**Captioned web images**
------------------------------------------------------------------------

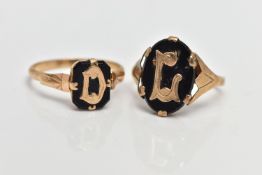 TWO VICTORIAN INITIAL MOURNING RINGS, the first designed with an oval cut onyx displaying the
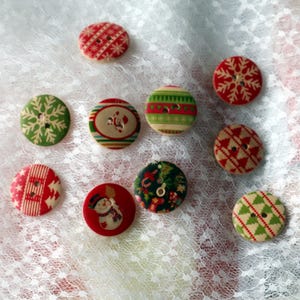 May include: A selection of festive Christmas buttons in red, green, and white. The buttons display patterns such as snowflakes, Christmas trees, and Santa Claus. Ideal for seasonal crafts and adding a touch of holiday cheer to projects.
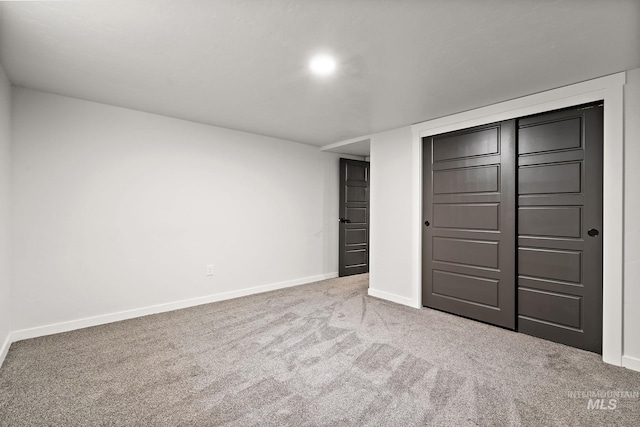 unfurnished bedroom with carpet floors, baseboards, and a closet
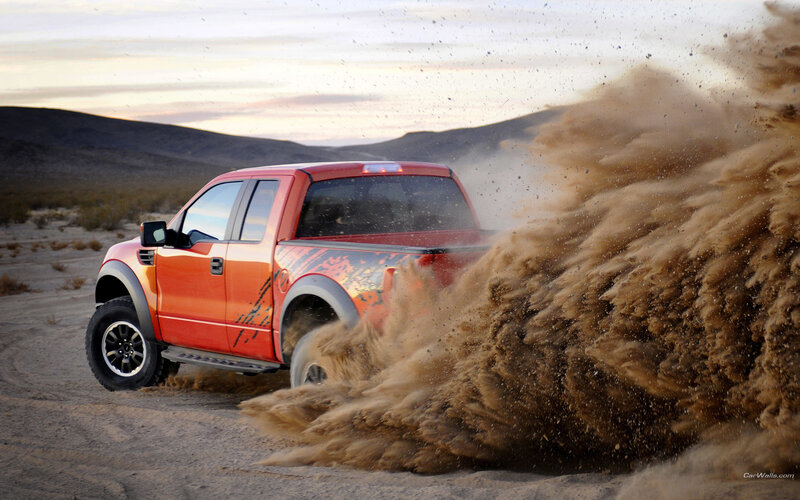 orange truck kicking up dust
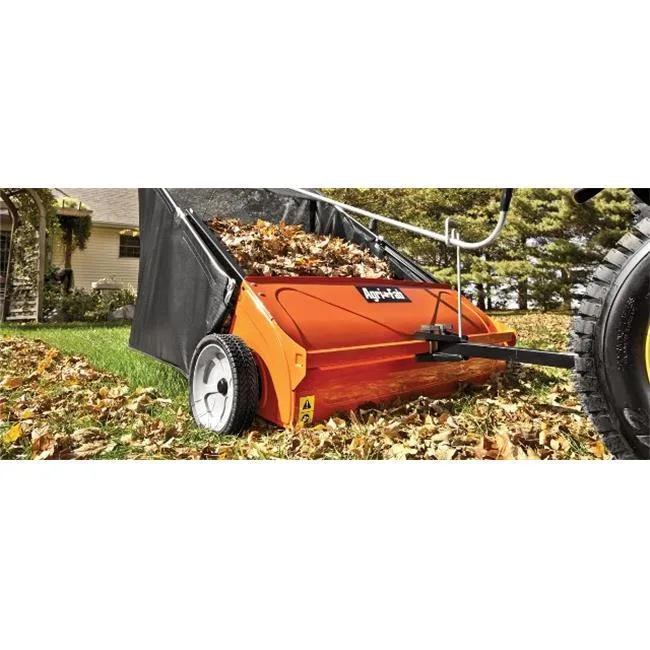 Black steel frame tow lawn sweeper with 44 inch brush width, 25 cu ft polyester hopper and semi pneumatic wheels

------------------------------------------------------------------------

**ACTIVITY**
Please, leaving out all pictures, transcribe exactly the lines above from the one containing "May include: A" through the final line, both included.

**ANSWER TO THIS PROBLEM**
 May include: A selection of festive Christmas buttons in red, green, and white. The buttons display patterns such as snowflakes, Christmas trees, and Santa Claus. Ideal for seasonal crafts and adding a touch of holiday cheer to projects.
 unfurnished bedroom with carpet floors, baseboards, and a closet
 orange truck kicking up dust
 Black steel frame tow lawn sweeper with 44 inch brush width, 25 cu ft polyester hopper and semi pneumatic wheels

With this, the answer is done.